今回はインダクタ(コイル)について説明します。
抵抗やコンデンサにくらべ、素子としては使われる機会の少ない素子ですが、その性質を理解しておくのは非常に重要です。
(5) コンデンサと時定数 では 電圧、電流、抵抗、コンデンサについて次のように書きました。
- 電圧:電気の圧力、電流を流そうとする力で、よく水道の水圧にたとえられます。単位はV(ボルト)
- 電流:電気の流れる量、水の流れをイメージするとわかりやすいかもしれません。単位はA(アンペア)
- 抵抗:文字通り、電流の流れを妨げようと抵抗するものです。水道にたとえると、太いパイプは水が流れやすく細いパイプは水が流れにくい、ということです。単位はΩ(オーム)
- コンデンサ:電気(電荷)を蓄えることのできる素子です。直流電圧を加えても電流は流れませんが、交流電圧を加えた場合は、電流が流れます。この電気を蓄える能力の単位はF(ファラッド)です。
コンデンサに習ってインダクタ(コイル)を定義すると
- インダクタ:電流を蓄えることのできる素子です。直流電圧に対しては抵抗を持ちませんが、交流電圧に対しては抵抗を示し、周波数が高いほど電流が流れにくくなります。単位はH(ヘンリー)です。
(3) 抵抗と電流でも書いたように、上に書いた定義はかなりデフォルメしてあり、技術的に厳密な定義とは異なっています。
ある程度電子回路に慣れてきたら、ウィキペディア等で別の定義を確認してみてください。
インダクタは一度電流を流すと、その電流を流し続けようとする性質があります。この性質を利用して、入力電圧よりも大きな電圧を発生させる昇圧回路を構成することもできます。
まず最初にコンデンサの時と同様、抵抗とインダクタの直列回路にステップ電圧を加えた時の様子をシミュレーションしてみます。

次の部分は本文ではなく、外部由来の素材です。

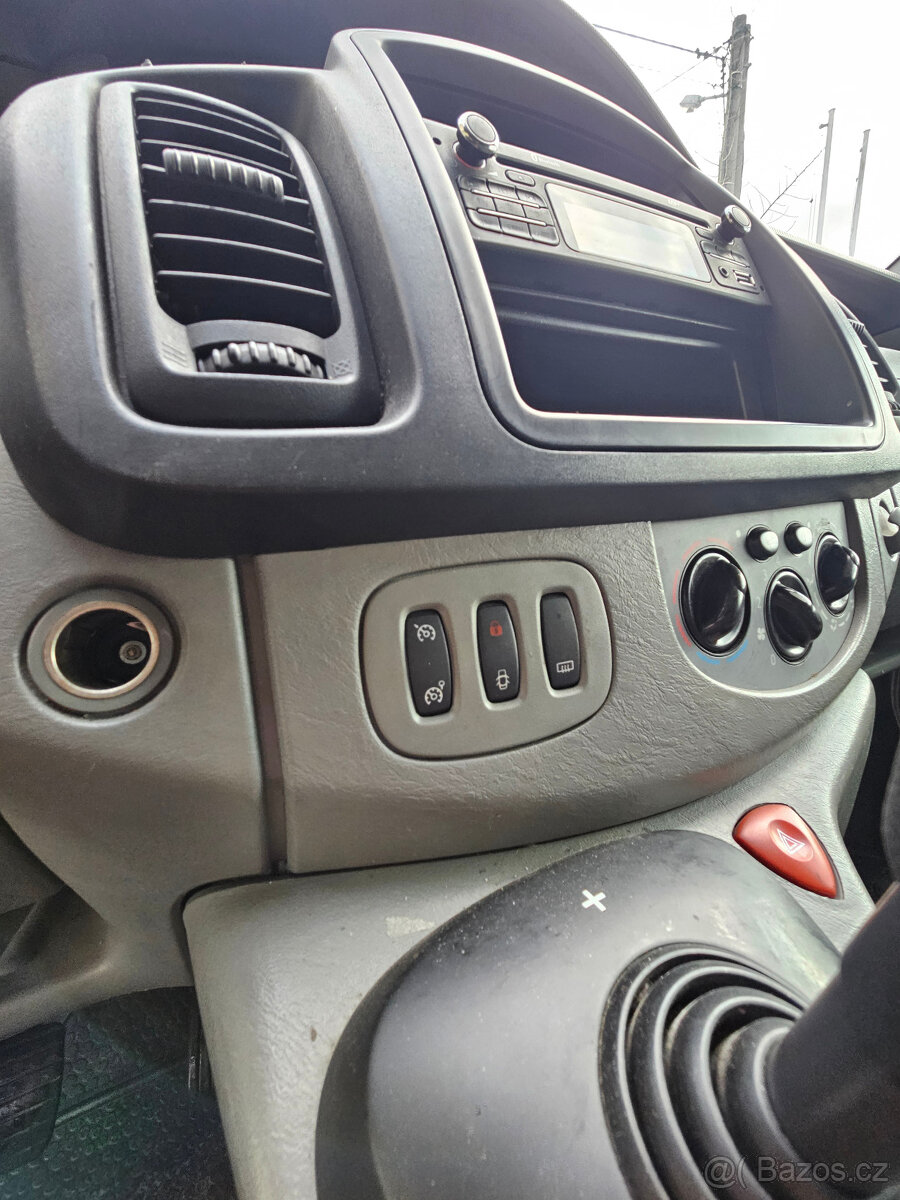 Opel Vivaro 2.0 CDTI - 10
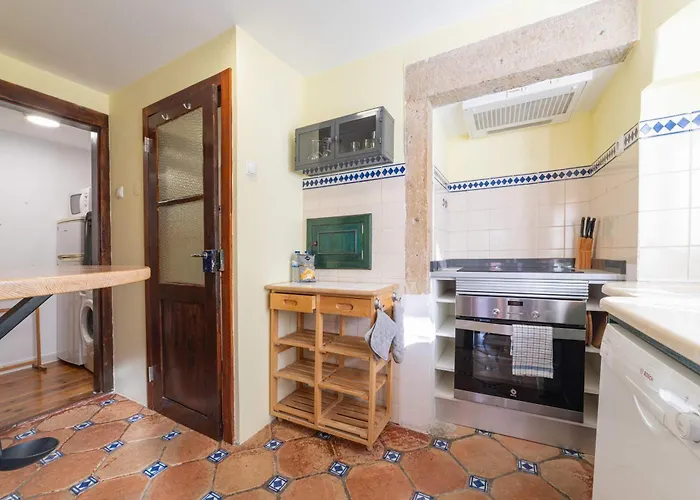 Lejlighed Cozy Bica Flat With Balcony Lisboa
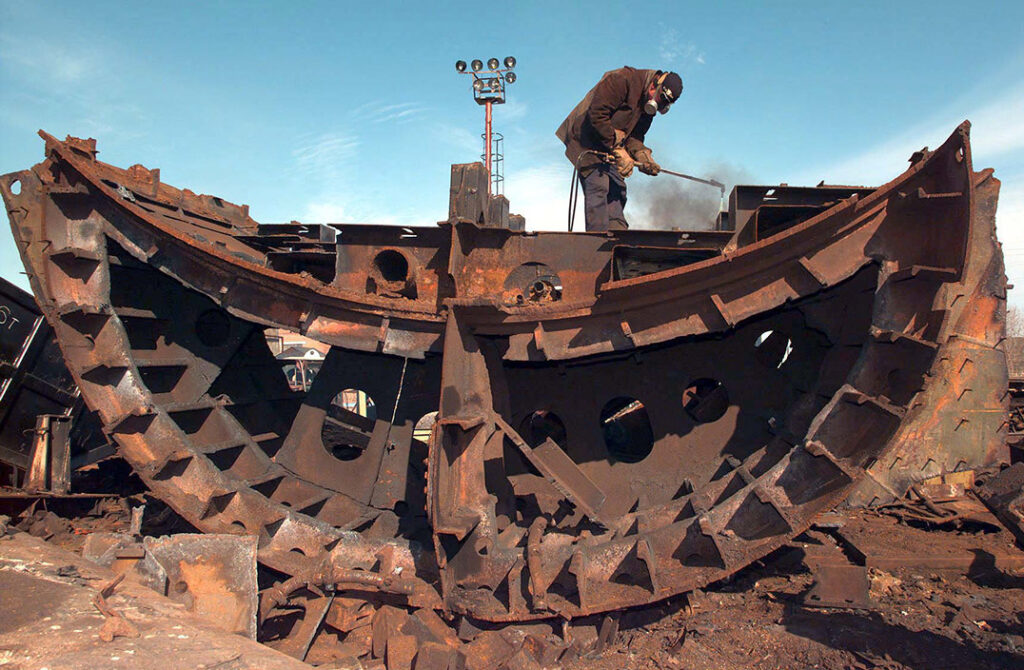  2026/01/hp_ourwork_Disassembling_of_a_Soviet_submarine.jpg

インダクタはキーボードでLとたたくと現れます。コンデンサの時と同様に回路図を作成してシミュレーションしてみてください。
下図のような結果になったと思います。
インダクタの電圧は最初に電源電圧と同じ電圧になり、徐々に小さくなっていっていることがわかります。
LTspiceは素子に流れる電流もプロットすることができます。
インダクタの上にマウスカーソルを重ねると、電流プローブの形に変わるので、そこで左クリックしてください。
回路図上、インダクタの向きが逆になっていると、表示される電流も±が反転したものになります。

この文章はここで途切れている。